# Heureka open 22-23 February in Finland!



## AlexCube (Feb 3, 2014)

Hello all Finnish cubers! I just found out that there is going to be an competition on 22-23 of February in Finland! And there is no thread to it so I thought, why not to make one  So, I'm hopefully coming and that would be my first comp so I'm very excited about this  If I'm coming, I will be taking my Moyu Weilong, Dayan Guhong v2, stickerless Zhanchi, Eastsheen 4x4 (yeah I know) and few other cubes  I average around 30 to 24 seconds. I'm very excited to see you all there!


----------



## Ronxu (Feb 3, 2014)

Wasn't going to make a thread about this but now that there is one I might as well share some stuff.

I have contacted the people at cubecomps. The link will be up once the competition listed in the WCA exportation file.

I will be selling some cubes, list of the cubes and prices at the end of the post.

Goals:
event: single/avg
2x2: lol/NR
3x3: sub-11/sub-13
4x4: sub-50/mid-50
5x5: don't care/don't care
6x6: don't care/don't care
7x7: don't care/don't care
OH: PB/PB
Pyra: don't care/PB
Mega: don't rage quit/don't rage quit
FMC: sub-40
Feet: PB/sub-2
Sqwan: PB/PB
Clock: WR/sub-8
Skewb: idk/sub-9



Spoiler: Cubes I'm selling



Meffert's Gear Pyraminx II: 25€
Meffert's Gear Shift: 25€
Meffert's Vulcano Cube: 25€
Flowerminx: 25€
V-cube 7: 25€
X-cube 4 w/ half brights+bright blue: 25€

V-cube 6: 20€
Shengshou 7x7 w/ half brights+bright blue: 20€

Feliks Pillow Cube: 15€

Rubik's Twist 92 pieces: 12€
QJ Pyraminx Crystal: 12€
Meffert's Pillowed Pyraminx: 12€

Category 1; 1 cube 10€, 2 cubes 15€:
Brainstring Advanced
Master Pyramorphix
Rubik's Twist 48 pieces
Face-turning Octahedron
V-cube 2b
Crazy 2x2
Crazy 2x3x3
Circle 2x3x3
Wittwo v1 w/ half brights
Dayan Taiyan
Haiyan's Haiyan Cube w/ half brights
Dayan Lunhui w/ half brights & a random color scheme + an extra set of dayan stickers

Category 2; 1 cube 5€, 3 cubes 10€:
Rubik's World w/ original stand
Pyramorphix
Edges Only Void Cube
Mirror Blocks w/ silver stickers
Mirror Blocks w/ gold stickers
Axis Cube
Hexagonal Dipyramid
Rhombic Dodecahedron
QJ 2x3x3
QJ Skewb
QJ Pillowed 3x3
Rainbow Cube
2-layer Super Square-1
Rubik's Keychain Cube
Maru Keychain Cube
Random 3x3 #1
Random 3x3 #2
Random 3x3 #3
Dayan+MF8 Mini 4x4
Maru 4x4 w/ half brights
Rubik's 4x4
White Shengshou 4x4 v1 w/ half brights+bright blue
Black Shengshou 4x4 v1 w/ half brights+bright blue
Shengshou 4x4 v3

Category 3; 1 cube 2€, all cubes 5€:
Cubetwist Magic
Cubetwist Master Magic
Diansheng Magic
Lingao Mini Magic


----------



## ryanj92 (Feb 3, 2014)

Ronxu said:


> Clock: WR/sub-8



This will be a good weekend for clock


----------



## Ronxu (Feb 3, 2014)

ryanj92 said:


> This will be a good weekend for clock



I may have set the bar a bit too high for single but you never know...


----------



## ryanj92 (Feb 3, 2014)

Ronxu said:


> I may have set the bar a bit too high for single but you never know...

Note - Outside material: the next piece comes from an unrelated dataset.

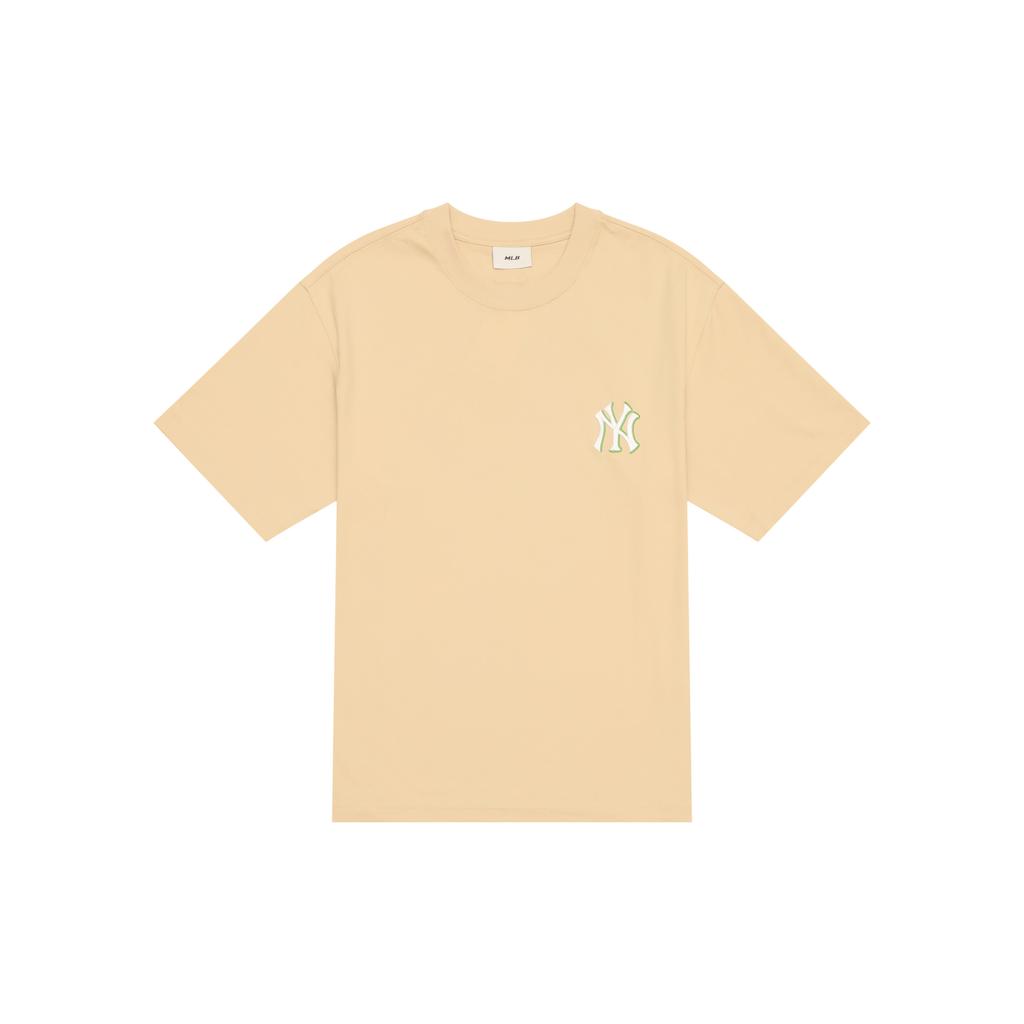 Новая коллекция MLB MONOGRAM Футболка New York Yankees SS24 Унисекс Абрикосовый 3ATSM0443-50BGL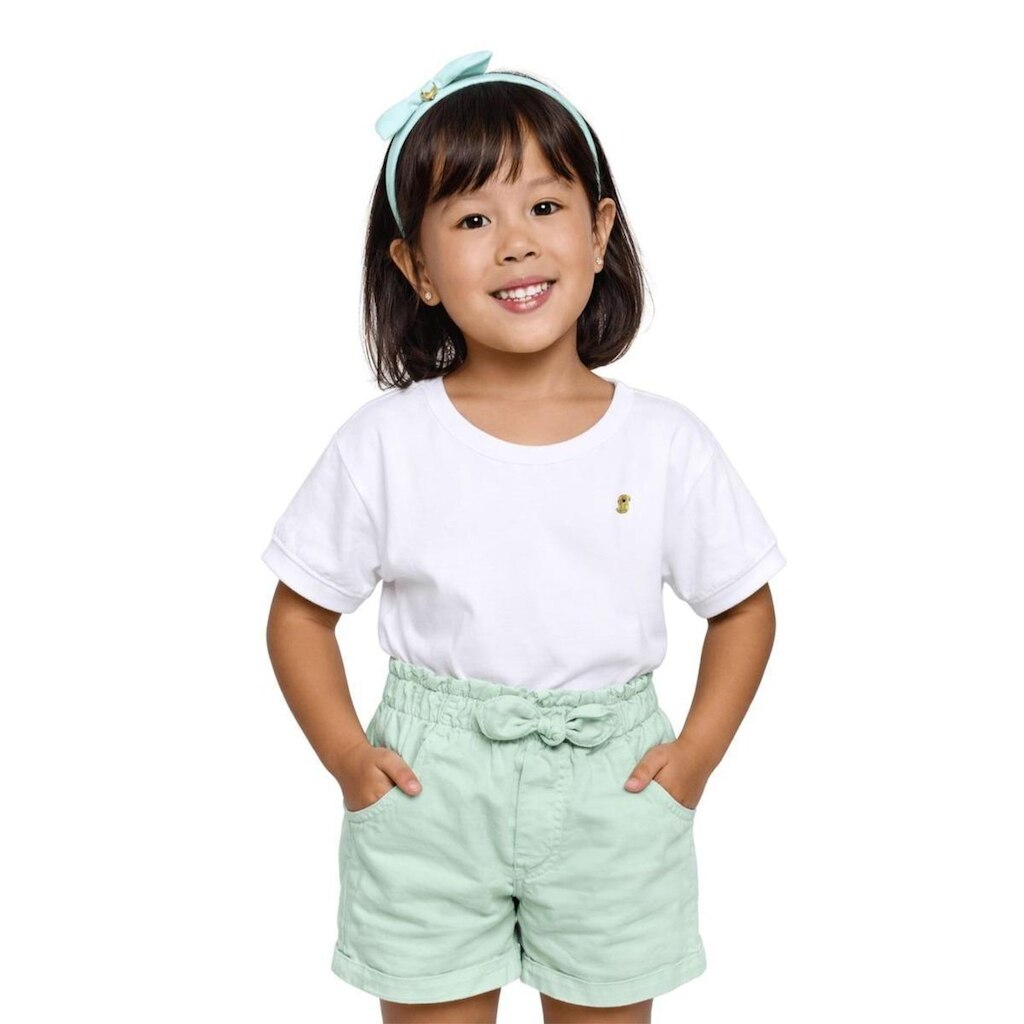 Blusa Infantil Menina Básico Alphabeto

Heh. Well there's me, Evan, Dan, Mollerz and Conor all competing that weekend at Nottingham also, so this weekend has some good potential for records


----------



## Username (Feb 4, 2014)

Ronxu said:


> Wasn't going to make a thread about this but now that there is one I might as well share some stuff.



This



Goals:

2x2: lol/Sub Niko
3x3: Sub9/NR
4x4: NR/NR
5x5-7x7: lol
Pyra: lol/Somewhere close to NR
Mega: sub1:35/sub1:40
Sqwan: lol
Clock: lol/sub9.5
OH: Sub18/Sub20
Feet: Lol
BLD: lol
4BLD: sub10
Skewb: Don't fail


----------



## kcl (Feb 4, 2014)

Username said:


> This
> 
> 
> 
> ...



Don't beat my single please, then I'll feel ultimately lame


----------



## Username (Feb 4, 2014)

kclejeune said:


> Don't beat my single please, then I'll feel ultimately lame



Don't worry, I probably won't

On a completely unrelated note, I need to find a main 3x3 before this


----------



## kcl (Feb 4, 2014)

Username said:


> Don't worry, I probably won't
> 
> On a completely unrelated note, I need to find a main 3x3 before this



You're right, you'll completely smash it and get a sub 8 or something


----------



## AlexCube (Feb 4, 2014)

Ronxu said:


> Spoiler: Cubes I'm selling
> 
> 
> 
> ...



Can I buy your wittwo v1? How much would you ask?


----------



## Ronxu (Feb 4, 2014)

AlexCube said:


> Can I buy your wittwo v1? How much would you ask?



10€ as listed.


----------



## AlexCube (Feb 4, 2014)

Ronxu said:


> 10€ as listed.


Oh sorry 

My goal: 3x3 single: somewhere around 25s. Average: 30s


----------



## Antonie faz fan (Feb 4, 2014)

Username said:


> This
> 
> 
> 
> ...



Do you think you will get sub me 3x3 avg?


----------



## Username (Feb 4, 2014)

Antonie faz fan said:


> Do you think you will get sub me 3x3 avg?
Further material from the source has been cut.